15 August 2019: NOTICE TO AN EXTRAORDINARY GENERAL MEETING OF VALOE CORPORATION

Notice is given to the shareholders of Valoe Corporation to an Extraordinary General Meeting to be held on 5 September 2019 at 11:30 (Finnish time) at the company’s headquarters at Insinöörinkatu 5, 50150 Mikkeli, Finland. The reception of persons who have registered for the meeting and the distribution of voting tickets will commence at 11:00 (Finnish time).
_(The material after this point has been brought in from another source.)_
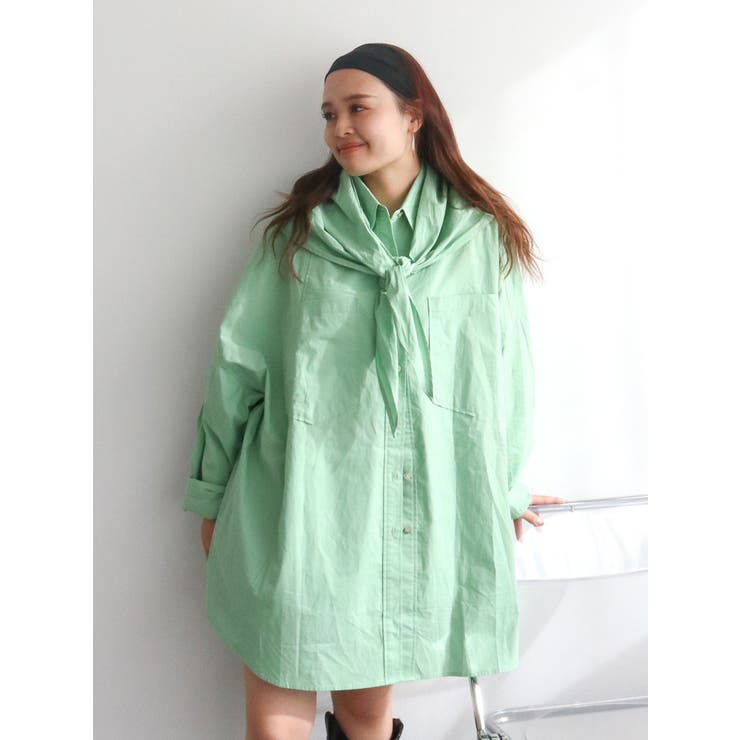 ベーシックワイドヘアバンド | Ungrid | 詳細画像11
A. Matters on the agenda of the General Meeting

At the General Meeting, the following matters will be considered:

1. Opening of the meeting

2. Calling the meeting to order

3. Election of persons to scrutinize the minutes and to supervise the counting of votes

4. Recording the legality of the meeting

5. Recording the attendance at the meeting and adoption of the list of votes

6. Authorization of the Board of Directors to decide on a share issue as well as other option rights and other special rights entitling to shares in the company

The Board of Directors proposes to the General Meeting, that the General Meeting authorizes the Board of Directors to decide on a share issue with and/or without payment, either in one or in several occasions, including right to resolve on option rights and other rights entitling to shares pursuant to the Chapter 10, Section 1 of the Finnish Companies Act so that the number of new shares issued based on the authorization or number of shares issued based on option rights and other special rights entitling to the shares pursuant to the Chapter 10, Section 1 of the Finnish companies Act, would equal to the total maximum amount of 150,000,000 shares. The authorization does not exclude the Board’s right to decide also on directed issue of shares or option rights and other special rights pursuant to the Chapter 10, Section 1 of the Finnish Companies Act. It is proposed that the authorization may be used for important arrangements from the company’s point of view e.g. to strengthen the capital structure, to finance investments, for acquisitions and business transactions or other business arrangements, or to expand ownership structure, or for incentive plans, or for other purposes resolved by the Board involving a weighty financial reason for issuing shares or option rights or special rights entitling to shares pursuant to the Chapter 10, Section 1 of the Finnish Companies Act. The share issue may be executed by deviating from the shareholders' pre-emptive subscription right provided the company has a weighty financial reason for that. It is proposed that the authorization shall not revoke any previous authorizations. It is proposed that the authorization is in force until 30 June 2020.

7. Closing of the meeting

RISK MANAGEMENT, RISKS AND UNCERTAINTIES

Valoe’s Board of Directors is responsible for the control of the company’s accounts and finances. The Board is responsible for internal control, while the President and CEO handles the practical arrangement and monitors the efficiency of internal control. Business management and control are taken care of using a Group-wide reporting and forecasting system.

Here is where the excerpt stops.